The plot concerns a teenager who has gone missing,again, this is the same female who went missing in Gone,Baby,Gone as a child. Our investigators deal with many loathsome individuals but without the violence that was evident in the previous story.
This was written as the recession was really starting to bite in the US and the writing reflects this. It is very dark without the humour of previous installments of this series and this is not quite as good as Prayers..., but it is still very good and miles above most which is published as crime thrillers.
The big mistake I have made is not reading this series in order, I have yet to read, Gone Baby, Gone, which is a bugger because this is the ultimate plot spoiler here as it directly relates to Gone..
Worth the time but read this series in order and you won't be disappointed.
In 2001 author and deputy chairman of the British Conservative Party (Lord) Jeffrey Archer was sentenced to four years imprisonment for perjury. Guess what? he was innocent as well!!.
During his time in prison he wrote three diaries, one each for the different prisons he served his time in.
The edition I have has all three volumes incorporated and I have read the first volume "Hell". This concerns his first three weeks of incarceration at the maximum security prison Bellmarsh.
It is a quirk of the British justice system that you initially get sent to a maximum security prison to get classified before being sent to a prison that suits your crime and history etc. Personally this seems a bit harsh even for the likes of Archer, as a drunk driver is locked up with career criminals who are doing years in maximum.
As I said above, Archer thinks he was innocent and constantly writes about it, but reading this diary if Jeffrey Archer told me the sky was blue, I would go outside and check.
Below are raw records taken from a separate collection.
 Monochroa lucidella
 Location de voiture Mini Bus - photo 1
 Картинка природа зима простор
What I really have a problem with is that even though Archer was a celebrity prisoner I cannot see multiple murderers opening up to a short term prisoner in the way he says they do.
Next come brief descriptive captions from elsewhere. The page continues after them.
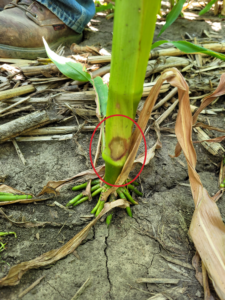 Early Goss's Wilt showing at the base of the stalk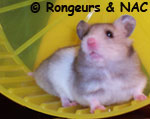 Roue du hamster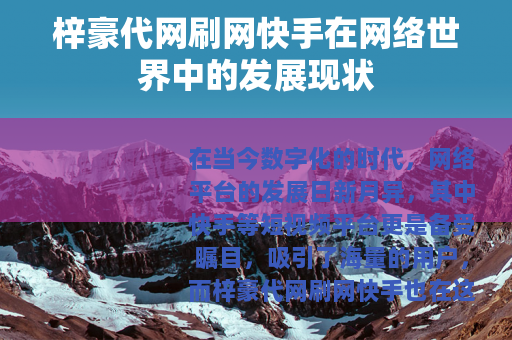 梓豪代网刷网快手在网络世界中的发展现状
I will persevere and read the other two volumes as the first was only over a three week period and he managed to write 267 pages on that. The following two diaries may give a bit more about the system rather than poor old innocent Jeff.
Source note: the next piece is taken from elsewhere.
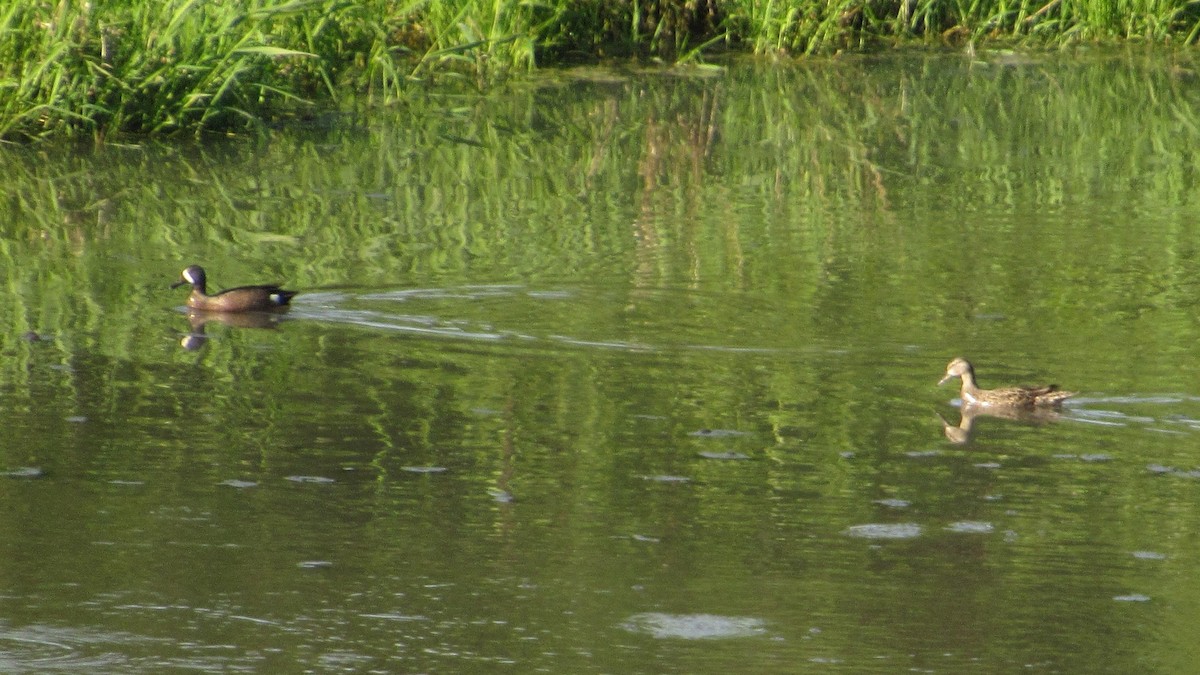 Blue-winged Teal - ML157181891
The initial part of this thriller is genuinely disturbing. A complete stranger accesses the personal information of his victims and then systematically destroys their lives until they take theirs. And whats really unsettling is to gather all this information is not that difficult.
This is the situation facing Patrick Kenzie and his investigative partner Angela Gennaro who must locate the manipulator before he destroys their lives as well.
This is a great thriller and Lehane is up with the very best writers in this genre ever. The plot is sophisticated and he has excellent characterisation.
You are kept guessing until the last page. Lots of humour, very black humour, but it all fits in well with the story. An excellent read.
Sunday, December 12, 2010
I like consistency in my life, and with anything written by Mr. Leonard you know at the very least you are going to get great, sometimes brilliant.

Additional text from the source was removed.